Но это было еще не все. Отдельные личности и кружки, видя, что царствование Александра II фатально все больше и больше погружается в реакционное болото, и питая в то же время смутные надежды на «либерализм» наследника (всех молодых наследников престола подозревают в либерализме), настаивали на необходимости повторить попытку Каракозова. Но организованные кружки упорно были против этого и настойчиво отговаривали товарищей. Теперь я могу обнародовать факт, который до сих пор был неизвестен.
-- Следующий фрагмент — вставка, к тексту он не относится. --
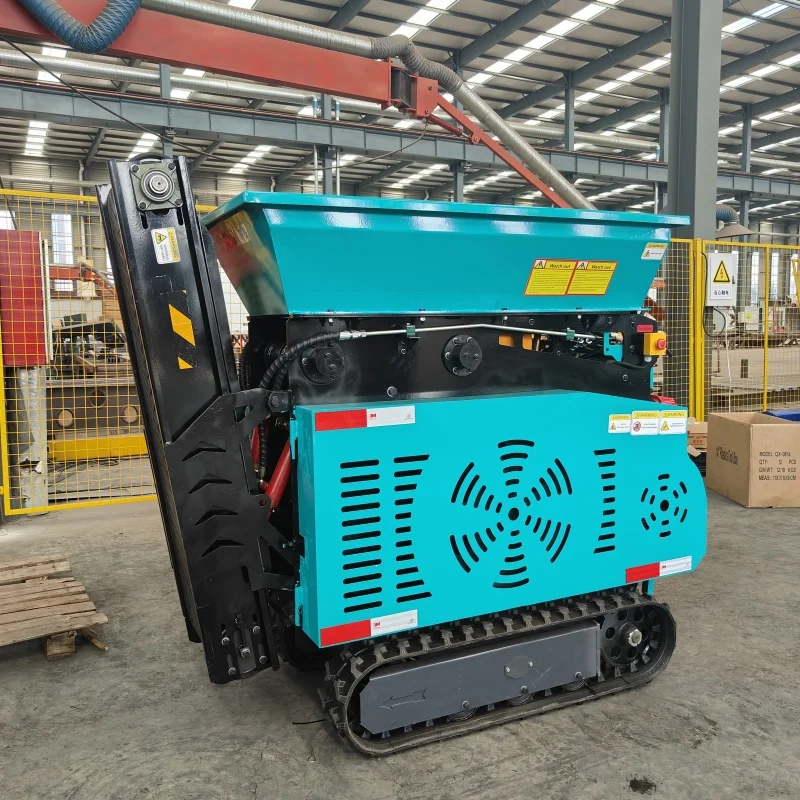 Mobile Type Stone Crusher Hydraulic Drive Crusher Gravel Crushing Line Ore Jaw Crusher Price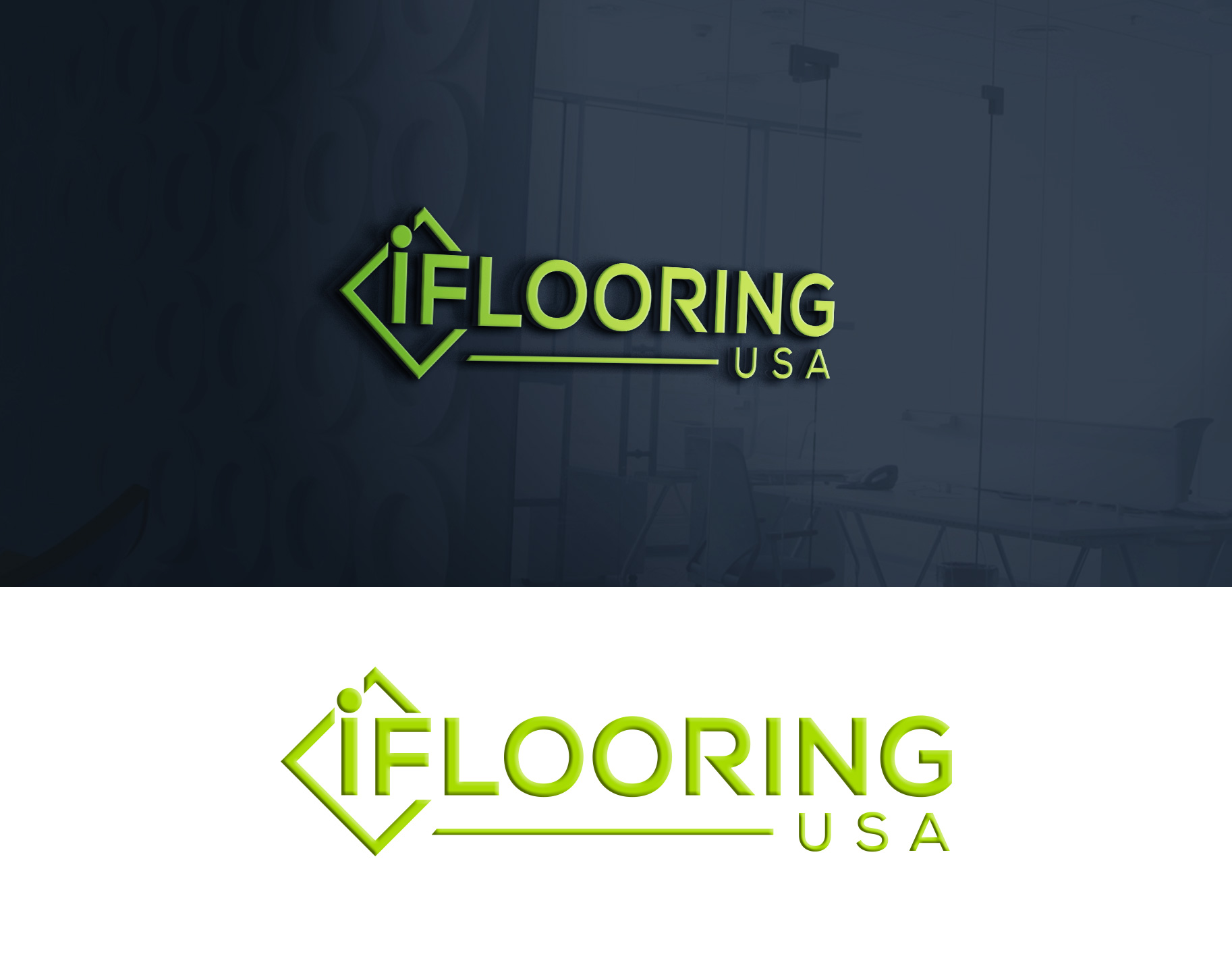 Logo Design by Pilot_DesignR™ for this project | Design #31584163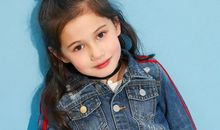 未来7天，财源大开，3生肖添丁添财，贵人扶持，求财有道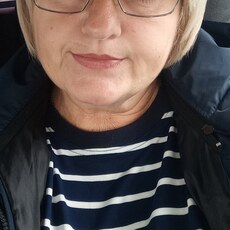 Фотография девушки Елена, 53 года из г. Анапа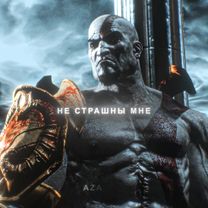 Кратос против зевса#kratos #kratosgodofwar #kratosedit #kratosfalling...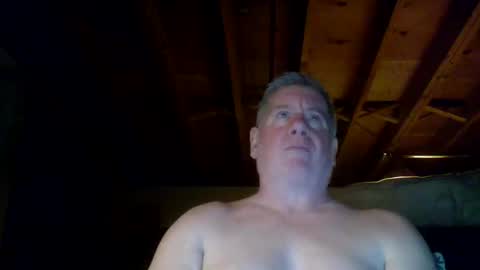 Snapshot of mrblade666 chatting on February 28, 3:26 am mrblade666 online show from February 28, 3:26 am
Из южных губерний приехал однажды в Петербург молодой человек с твердым намерением убить Александра II. Узнав об этом, некоторые чайковцы долго убеждали юношу не делать этого; но так как они не могли переубедить его, то заявили, что помешают ему силой. Зная, как слабо охранялся в ту пору Зимний дворец, я могу утвердительно сказать, что чайковцы тогда спасли Александра II. Так твердо была настроена тогда молодежь против той самой войны, в которую она бросилась потом с самоотвержением, когда чаша ее страданий переполнилась.